Em Maricopa Wells, os mórmons souberam que o trilho era, dali em diante, muito árido e desconfortável. Pior do que isso: informaram-nos de que se cruzariam provavelmente com índios hostis e que teriam, por isso, as vidas em grande risco.


O local do massacre da família Oatman

Perante as informações aterradoras, as famílias resolveram não ir mais além. Mas Royce Oatman, levado porventura pela fé e pela confiança na protecção divina, optou por seguir viagem com os seus.
A 18 de Fevereiro de 1851, os Oatman chegaram às proximidades do rio Gila (afluente do Colorado), a leste de Yuma, num ponto situado entre Tucson e Phoenix (Arizona). Aí encontraram o seu trágico destino.

Um bando de índios aproximou-se deles com intenções aparentemente pouco pacíficas. Foram mais tarde erradamente identificados como Apaches (aqui), quando tudo aponta para que se tratasse de Tolkepaya (subdivisão da tribo Yavapai). 

Começando por exigir alguma comida e tabaco, os índios foram subindo as exigências.
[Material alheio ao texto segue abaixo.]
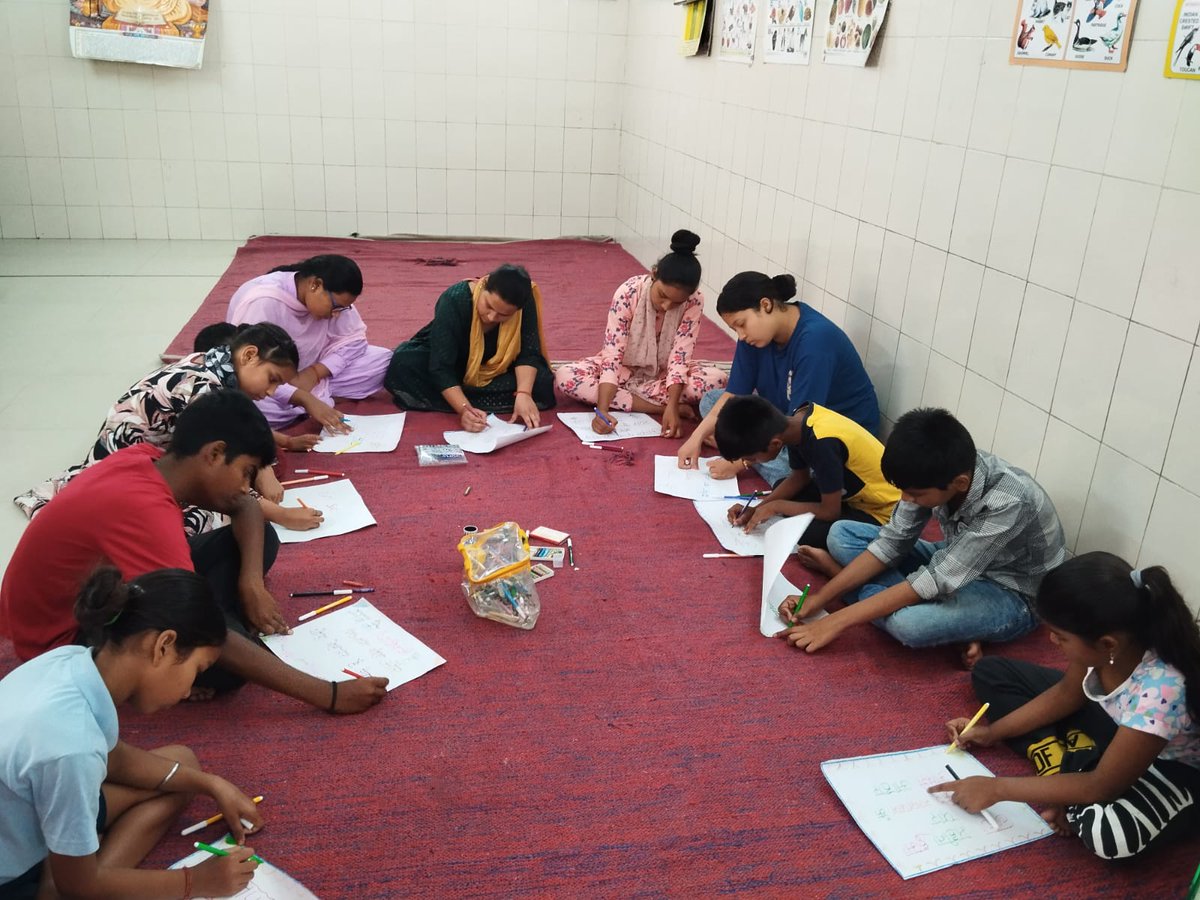 meraposhitchd's tweet image. Kajheri circle anganwadi centre conducts slogan writing competition focused on complementary feeding among children, encouraging the community to spread the message of early nutrition through creative expressions!

#PoshanPakhwada2025 #PoshanAbhiyaan  #complementaryfeeding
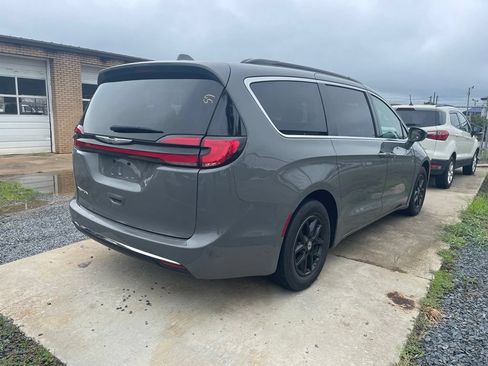 Used 2022 Chrysler Pacifica Touring-L FWD image 4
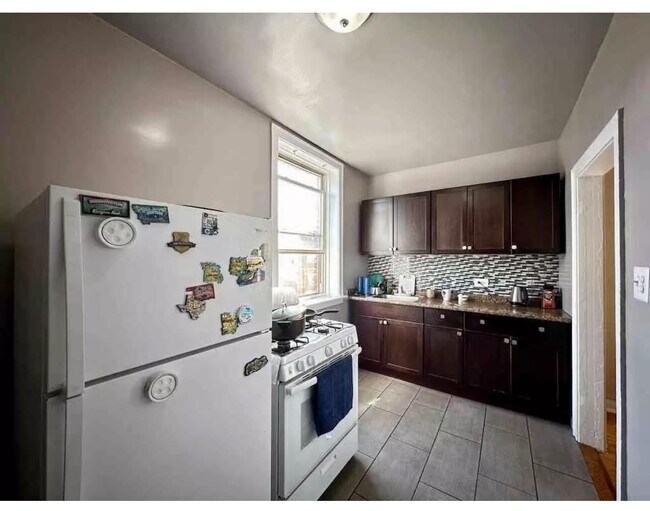 Photo - 4259 W Addison St Unit ONE BEDROOM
Royce Oatman, que lutava com escassez de mantimentos para sustentar a numerosa família, terá procurado argumentar contra o que era, indubitavelmente, um assalto impiedoso. Os Tolkepaya reagiram com extrema violência, atacando toda a família.
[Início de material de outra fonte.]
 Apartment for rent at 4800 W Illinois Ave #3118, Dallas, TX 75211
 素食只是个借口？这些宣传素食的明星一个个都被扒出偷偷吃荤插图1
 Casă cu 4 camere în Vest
Royce Oatman e a esposa, com mais quatro dos seus filhos, foram brutalmente massacrados. Olive Oatman, de 13 anos, e a sua irmã Mary Ann, de 7, foram aprisionadas e levadas pelos assaltantes.

Para trás, entre os cadáveres da família, ficou caído um outro irmão, Lorenzo Oatman, de 15 anos, que os Tolkepaya tinham ferido gravemente e deixado como morto.
Mas Lorenzo recuperaria os sentidos e sobreviveria ao ataque. Partiu em busca de auxílio e voltou com alguns homens para dar sepultura aos pais e aos irmãos. Dando pela falta de Olive e de Mary Ann, não mais deixaria de procurá-las, solicitando para isso o auxílio das autoridades americanas.
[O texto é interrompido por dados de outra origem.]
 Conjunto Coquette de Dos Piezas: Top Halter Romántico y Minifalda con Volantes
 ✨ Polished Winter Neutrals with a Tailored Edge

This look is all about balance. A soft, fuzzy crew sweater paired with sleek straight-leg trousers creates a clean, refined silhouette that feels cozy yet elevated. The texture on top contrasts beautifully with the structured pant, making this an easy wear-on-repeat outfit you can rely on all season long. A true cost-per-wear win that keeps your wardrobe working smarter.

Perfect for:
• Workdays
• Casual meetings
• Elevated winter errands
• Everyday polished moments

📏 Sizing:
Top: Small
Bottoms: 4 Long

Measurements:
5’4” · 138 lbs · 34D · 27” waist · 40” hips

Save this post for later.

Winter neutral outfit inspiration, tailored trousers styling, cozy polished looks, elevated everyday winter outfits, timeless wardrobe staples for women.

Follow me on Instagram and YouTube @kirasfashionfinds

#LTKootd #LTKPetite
Olive Oatman entre os índios Mojave (Mohave), depois de resgatada aos Tolkepaya.

Os Tolkepaya (Yavapai) saquearam os bens dos Oatman e levaram Olive e Mary Ann para o seu aldeamento, nas montanhas Harquahala. Durante cerca de um ano, reduzidas à escravidão, as meninas sofreram maus tratos dos captores, para os quais eram forçadas a trabalhar duramente, carregando água e lenha e prestando-lhes outros serviços domésticos. Eram frequentemente espancadas e, pelo menos no início, receavam ser mortas a qualquer instante.

Um dia, os Tolkepaya tiveram a visita de um grupo de índios Mojave (Mohave), cujo chefe era conhecido por Espaniole entre os brancos. A filha deste, Topeka, testemunhou o tratamento que as meninas brancas recebiam dos Tolkepaya e condoeu-se delas, pressionando para que fossem resgatadas. Ofereceu alguns produtos aos raptores para que lhas vendessem, mas eles recusaram. Topeka foi insistindo e subindo as ofertas, até que os interlocutores cederam: as meninas foram trocadas por dois cavalos, algumas mantas e um lote de bugigangas.


Casal de índios Mojave, com suas tatuagens características.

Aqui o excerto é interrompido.